问题
I've got multiple web apps running across multiple domains. I want to implement Single Sign-On, so that a user signs in once to access all apps.
How should I implement this? All apps use NodeJS backend.
General pointers in the right direction are welcome.
回答1:
As your apps are running on different domains, you can no way share cookies between those APPS running on client machine to validate the user. So somehow information needs to be shared on server end.
Simplest solution that comes to my mind is-
Have a shared session for all servers.
Hava specific authentication domain and redirect users there whenever authentication is needed. Authenticate user there and set a session cookie or token whatever you want.

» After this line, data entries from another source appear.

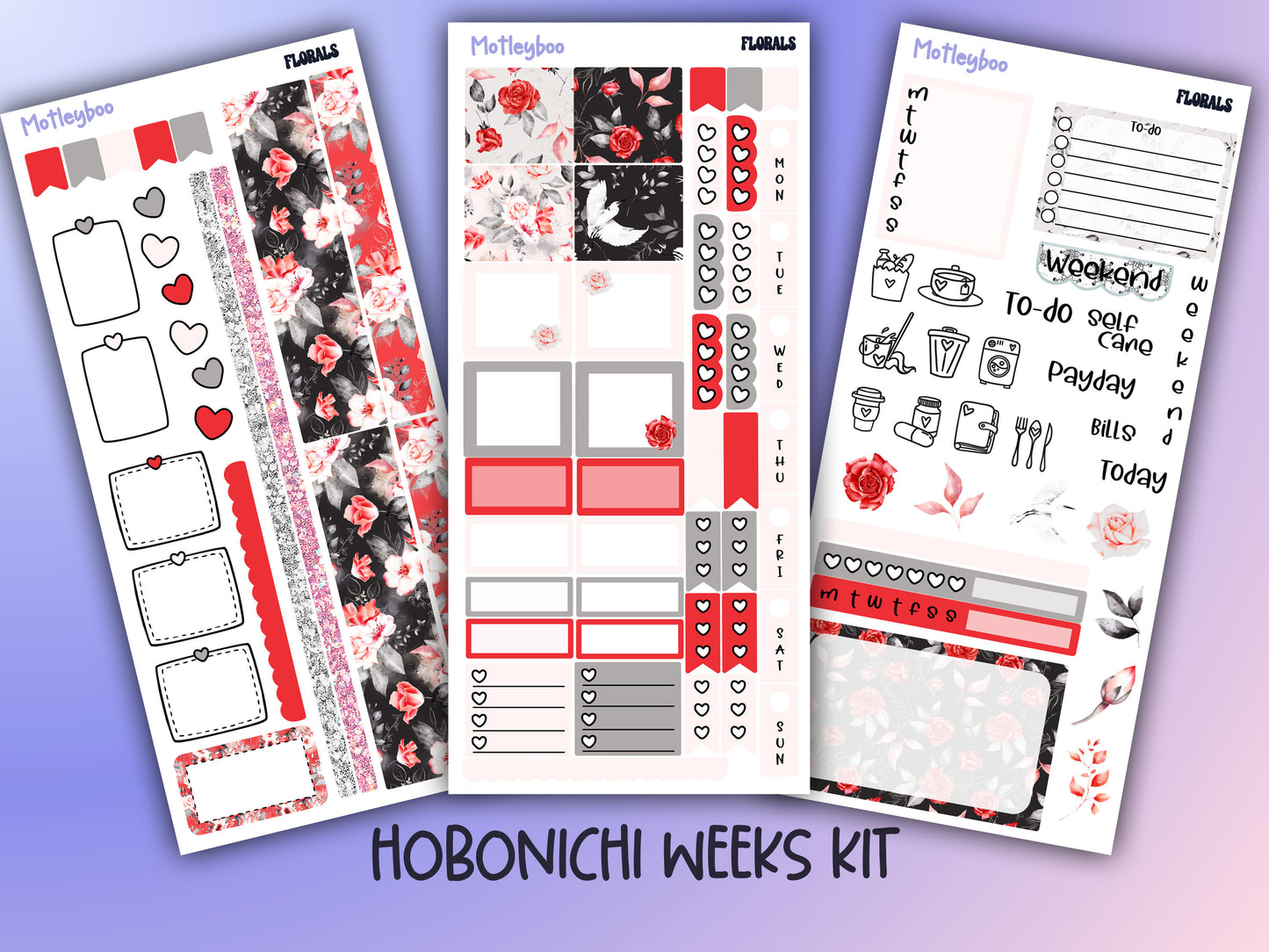 Hobonichi weeks, weekly sticker kit, hobonichi planner, florals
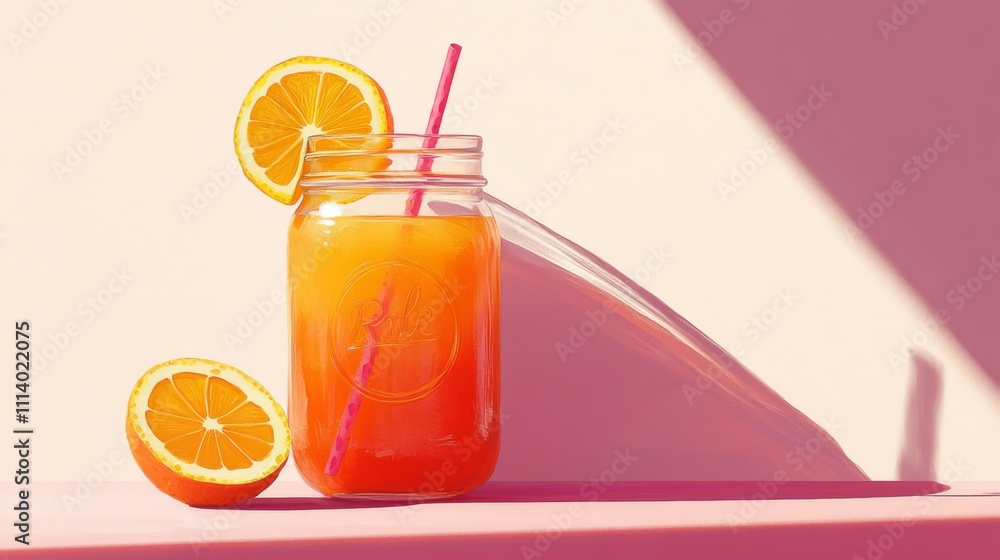 Refreshing Citrus Drink in Jar with Orange Slices and Straw Refreshing Citrus Drink in Jar with Orange Slices and Straw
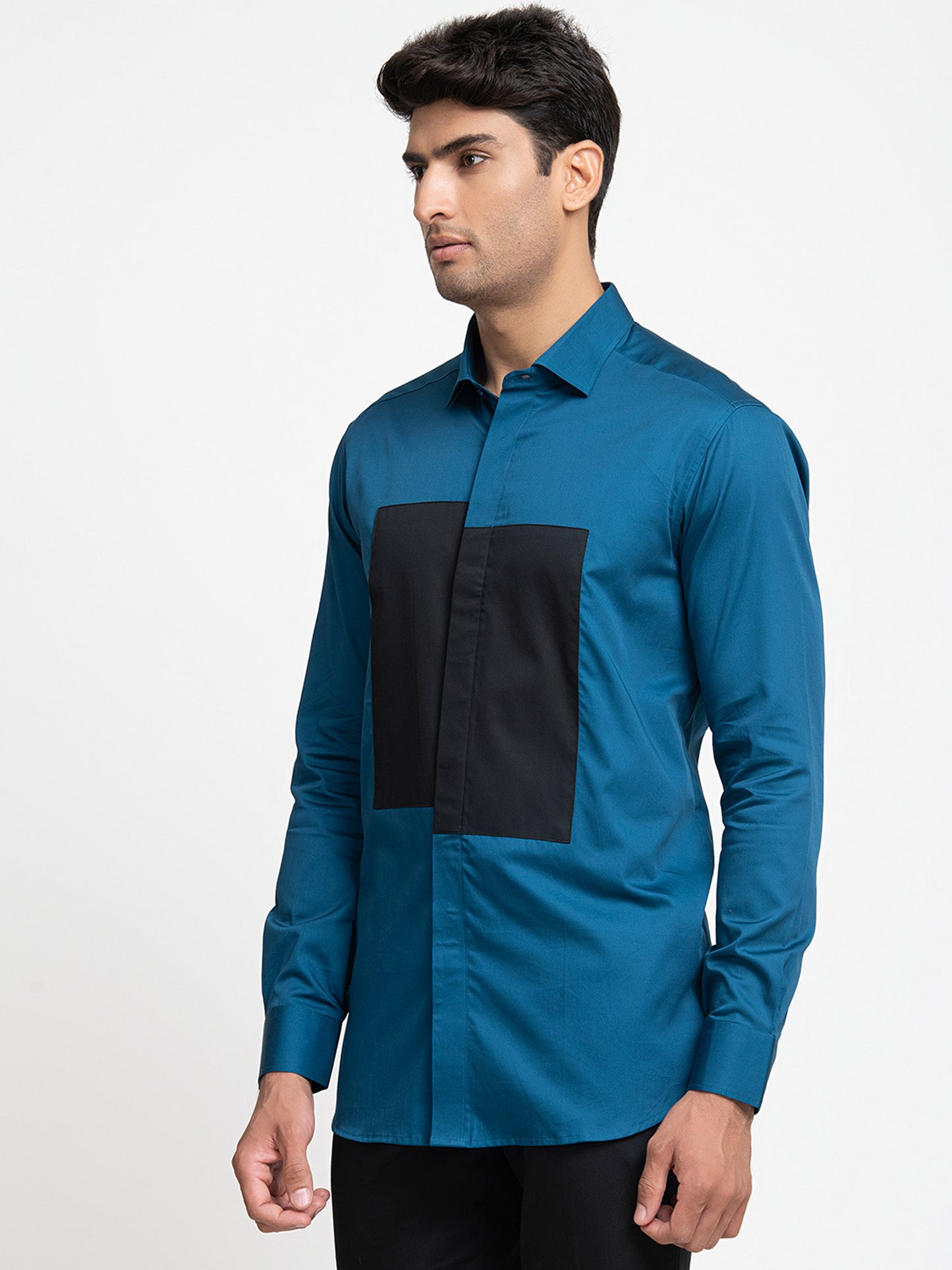Blue Giza Cotton Blue shirt with black patch box shirt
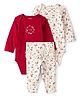 Carter's Knit Full Sleeves Onesies with Leggings & Floral Print - Red
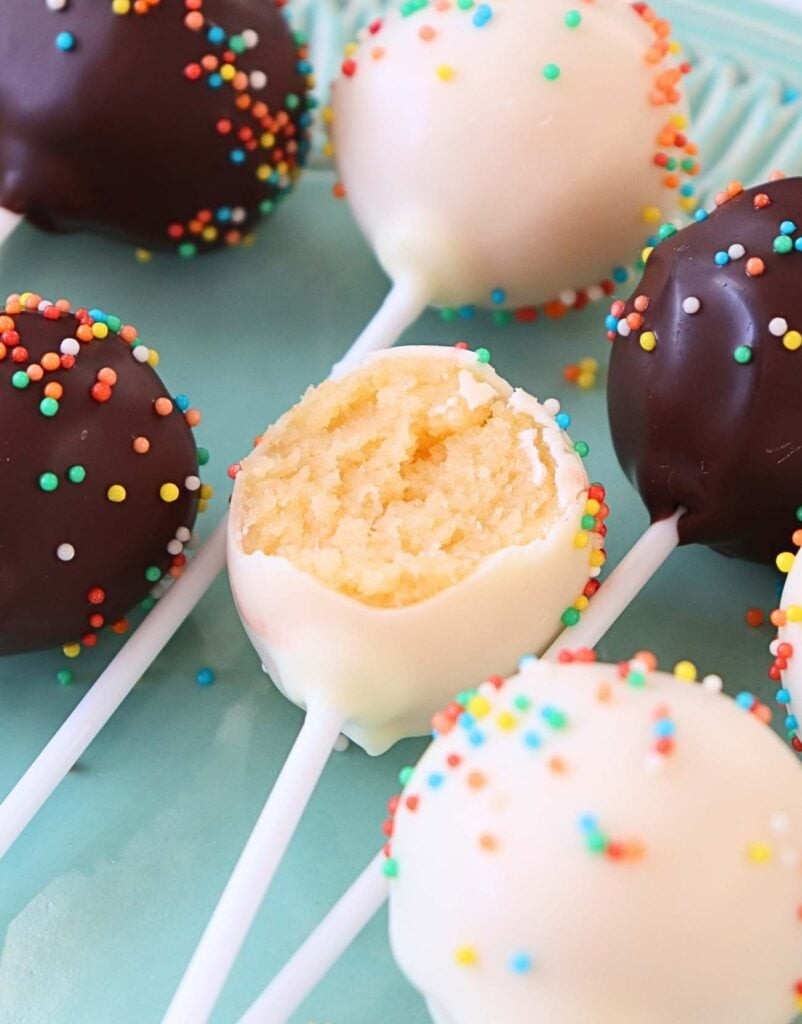 Close up of cake pops on sticks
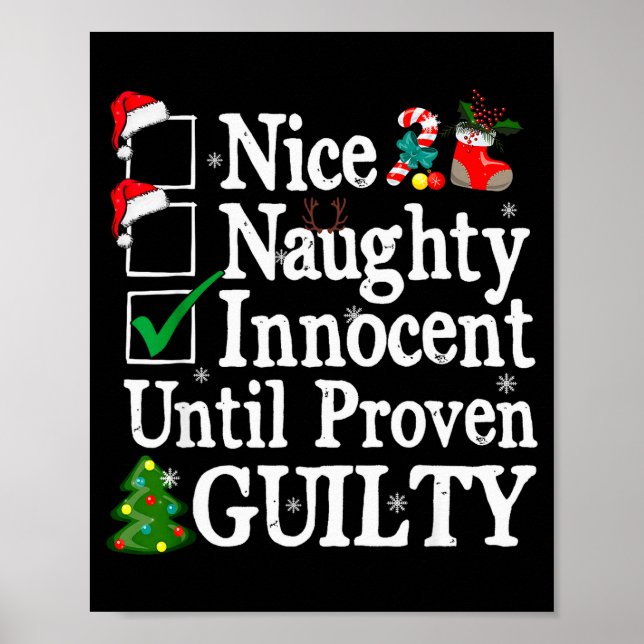 Poster Nice Naughty Innocent Until Proven Guilty Christma (Frente)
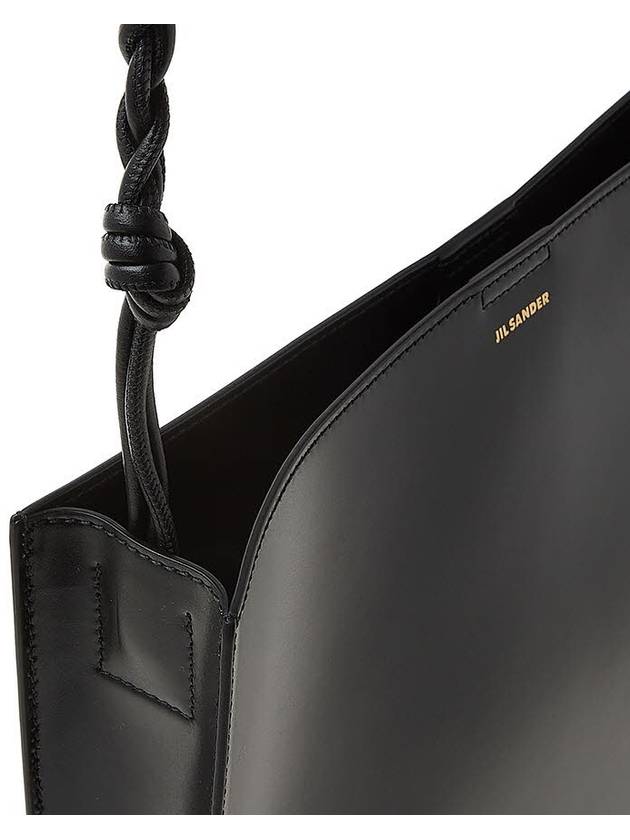 Tangle Large Leather Shoulder Bag Black - JIL SANDER - BALAAN 9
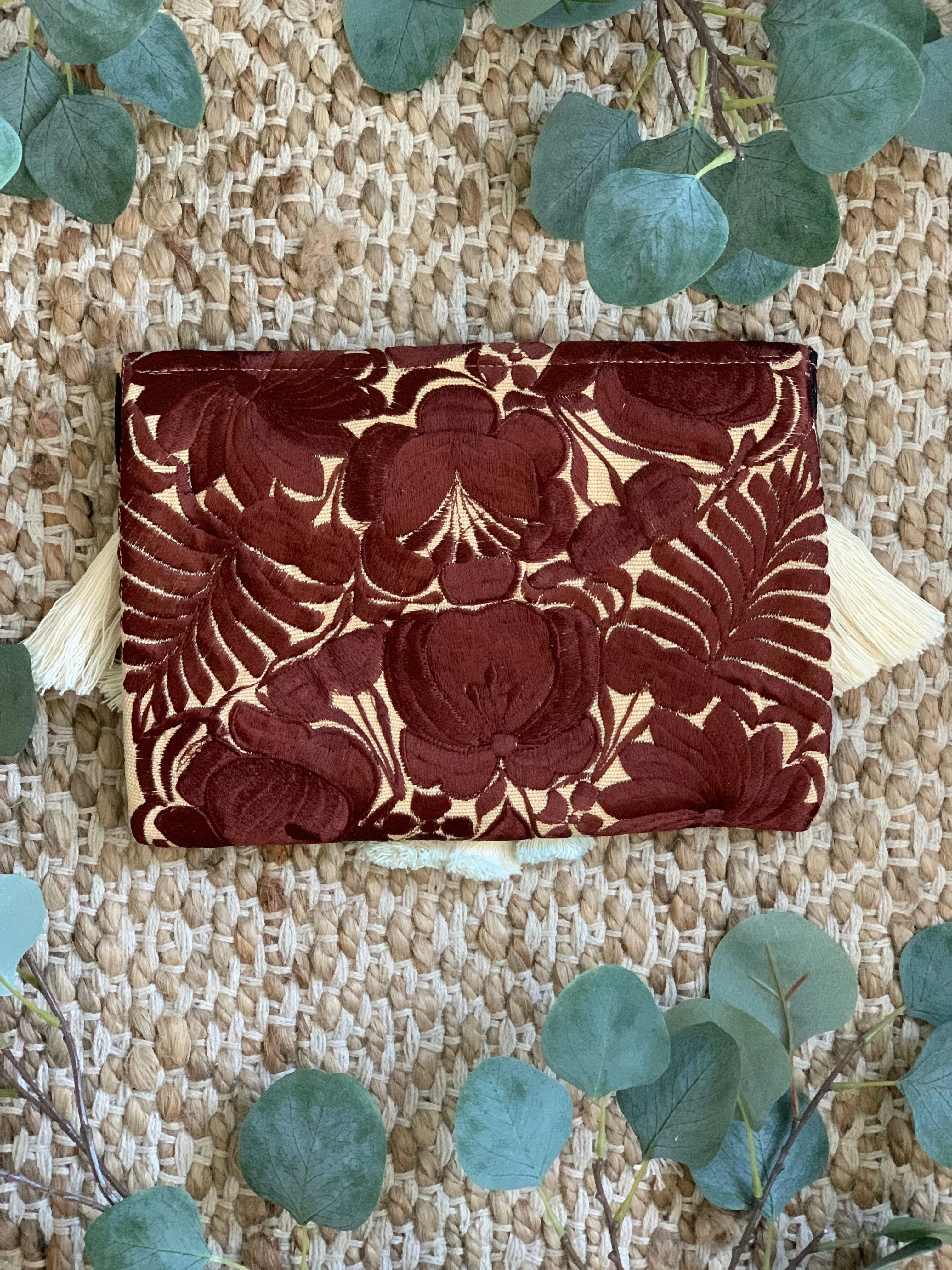 Embroidered Envelope Clutch - Tan with Brown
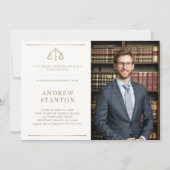 ロースクール卒業はかりで測写真モダンエレガント 招待状 (正面)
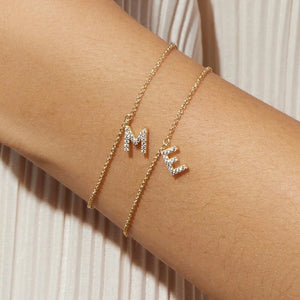 Pave Zircon 26 Letter Chain Bracelet Women's Jewelry Gift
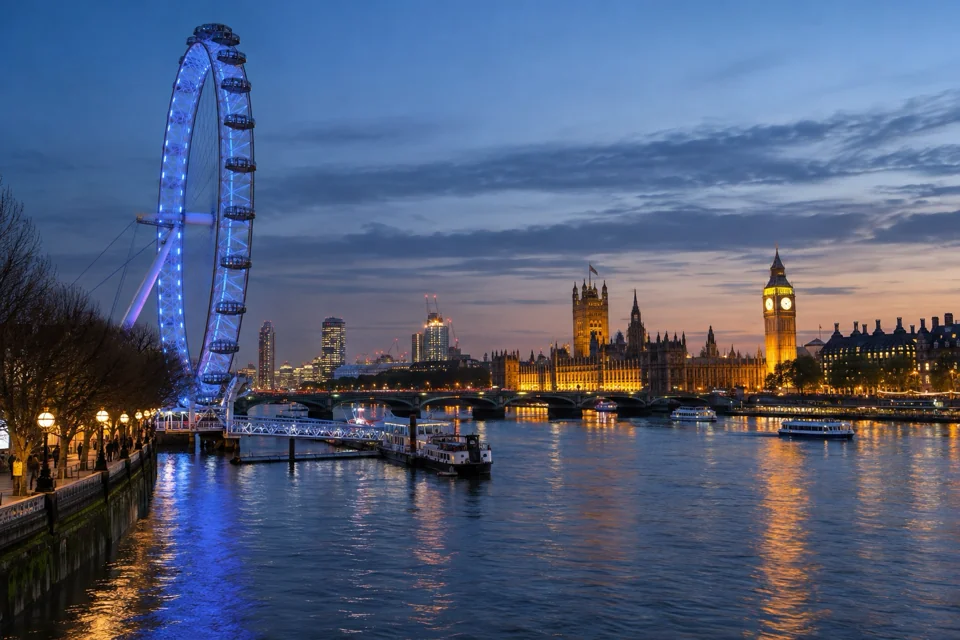 London Eye and Westminster on the Thames at blue hour in London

Whenever any app of yours needs authentication, redirect it to authentication domain. Authentication cookie will be served to authentication domain as well as the referrer domain. On seeing that you are already validated, authentication server can redirect you to original app with proper sessionID, which will be set as cookie for that domain.
If not authenticated, user will be asked to authenticate on authentication server and then the redirection will happen.
With little changes, you can achieve this using tokens and without need of shared sessions.
Validate the states properly before implementing it. More states in your mechanism means more chances of bugs and possible attacks.
Consider moving your apps on same sub-domain. If the authentication mechanism is same then everyone knows that all apps belong to same company. It will be also be easier for people to remember various sub domains on same domain rather than remembering all different domains.
回答2:
The most used project is http://passportjs.org/ that is pretty much the only one I use, has great connectors to on premise soltions like ADFS and third party ones like google, facebook.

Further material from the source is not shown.